EXERCISE INSTRUCTIONS:
Lines after the one containing "Urban Outfitters Silence" are to be omitted; print exactly each line from the start of the records up to and including it.

DATA SUPPLIED:

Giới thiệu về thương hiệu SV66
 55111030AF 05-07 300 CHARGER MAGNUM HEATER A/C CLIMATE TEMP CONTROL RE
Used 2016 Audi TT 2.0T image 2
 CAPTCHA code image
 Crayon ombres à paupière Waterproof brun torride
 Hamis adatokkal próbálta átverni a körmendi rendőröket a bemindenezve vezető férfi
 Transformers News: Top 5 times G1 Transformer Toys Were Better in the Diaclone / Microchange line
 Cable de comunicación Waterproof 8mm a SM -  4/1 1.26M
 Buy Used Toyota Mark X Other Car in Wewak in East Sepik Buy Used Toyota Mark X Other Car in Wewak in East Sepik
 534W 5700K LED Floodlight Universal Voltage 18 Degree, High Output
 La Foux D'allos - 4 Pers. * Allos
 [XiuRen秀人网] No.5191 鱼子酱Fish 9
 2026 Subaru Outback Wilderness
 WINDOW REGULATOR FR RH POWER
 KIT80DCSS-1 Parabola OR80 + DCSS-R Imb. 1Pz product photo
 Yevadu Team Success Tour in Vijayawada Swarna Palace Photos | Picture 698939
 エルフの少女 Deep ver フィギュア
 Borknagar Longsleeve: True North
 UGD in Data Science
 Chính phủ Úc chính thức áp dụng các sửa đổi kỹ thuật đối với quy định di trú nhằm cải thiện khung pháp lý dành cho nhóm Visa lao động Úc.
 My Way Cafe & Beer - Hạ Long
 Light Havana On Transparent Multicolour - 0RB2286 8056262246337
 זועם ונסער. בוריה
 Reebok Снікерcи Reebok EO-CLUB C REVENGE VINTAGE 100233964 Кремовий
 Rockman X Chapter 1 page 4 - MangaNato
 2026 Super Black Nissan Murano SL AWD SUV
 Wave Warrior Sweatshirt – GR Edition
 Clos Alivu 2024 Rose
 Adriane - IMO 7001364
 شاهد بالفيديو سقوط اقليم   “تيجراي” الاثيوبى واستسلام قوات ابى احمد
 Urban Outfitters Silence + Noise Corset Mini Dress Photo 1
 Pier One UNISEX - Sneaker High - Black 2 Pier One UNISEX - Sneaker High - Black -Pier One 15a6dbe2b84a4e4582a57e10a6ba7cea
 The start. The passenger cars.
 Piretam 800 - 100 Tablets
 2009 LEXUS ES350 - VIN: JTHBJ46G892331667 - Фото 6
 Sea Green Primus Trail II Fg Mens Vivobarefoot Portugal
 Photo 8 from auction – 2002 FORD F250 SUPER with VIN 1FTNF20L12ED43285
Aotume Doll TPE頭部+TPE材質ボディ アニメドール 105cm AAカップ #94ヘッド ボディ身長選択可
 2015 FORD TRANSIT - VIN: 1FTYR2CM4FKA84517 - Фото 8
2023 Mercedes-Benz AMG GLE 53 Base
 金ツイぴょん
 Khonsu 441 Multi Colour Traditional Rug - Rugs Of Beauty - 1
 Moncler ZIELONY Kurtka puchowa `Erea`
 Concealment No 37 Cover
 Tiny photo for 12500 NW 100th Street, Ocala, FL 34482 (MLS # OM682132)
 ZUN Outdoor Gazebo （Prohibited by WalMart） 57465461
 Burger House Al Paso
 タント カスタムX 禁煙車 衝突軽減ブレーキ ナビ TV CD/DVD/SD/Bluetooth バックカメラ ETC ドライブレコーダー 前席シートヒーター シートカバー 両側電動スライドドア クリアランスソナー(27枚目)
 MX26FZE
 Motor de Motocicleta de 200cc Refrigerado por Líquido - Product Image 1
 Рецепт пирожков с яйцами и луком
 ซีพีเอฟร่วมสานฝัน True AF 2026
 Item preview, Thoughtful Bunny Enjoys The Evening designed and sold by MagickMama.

SOLUTION FOR THIS PROBLEM:
Giới thiệu về thương hiệu SV66
 55111030AF 05-07 300 CHARGER MAGNUM HEATER A/C CLIMATE TEMP CONTROL RE
Used 2016 Audi TT 2.0T image 2
 CAPTCHA code image
 Crayon ombres à paupière Waterproof brun torride
 Hamis adatokkal próbálta átverni a körmendi rendőröket a bemindenezve vezető férfi
 Transformers News: Top 5 times G1 Transformer Toys Were Better in the Diaclone / Microchange line
 Cable de comunicación Waterproof 8mm a SM -  4/1 1.26M
 Buy Used Toyota Mark X Other Car in Wewak in East Sepik Buy Used Toyota Mark X Other Car in Wewak in East Sepik
 534W 5700K LED Floodlight Universal Voltage 18 Degree, High Output
 La Foux D'allos - 4 Pers. * Allos
 [XiuRen秀人网] No.5191 鱼子酱Fish 9
 2026 Subaru Outback Wilderness
 WINDOW REGULATOR FR RH POWER
 KIT80DCSS-1 Parabola OR80 + DCSS-R Imb. 1Pz product photo
 Yevadu Team Success Tour in Vijayawada Swarna Palace Photos | Picture 698939
 エルフの少女 Deep ver フィギュア
 Borknagar Longsleeve: True North
 UGD in Data Science
 Chính phủ Úc chính thức áp dụng các sửa đổi kỹ thuật đối với quy định di trú nhằm cải thiện khung pháp lý dành cho nhóm Visa lao động Úc.
 My Way Cafe & Beer - Hạ Long
 Light Havana On Transparent Multicolour - 0RB2286 8056262246337
 זועם ונסער. בוריה
 Reebok Снікерcи Reebok EO-CLUB C REVENGE VINTAGE 100233964 Кремовий
 Rockman X Chapter 1 page 4 - MangaNato
 2026 Super Black Nissan Murano SL AWD SUV
 Wave Warrior Sweatshirt – GR Edition
 Clos Alivu 2024 Rose
 Adriane - IMO 7001364
 شاهد بالفيديو سقوط اقليم   “تيجراي” الاثيوبى واستسلام قوات ابى احمد
 Urban Outfitters Silence + Noise Corset Mini Dress Photo 1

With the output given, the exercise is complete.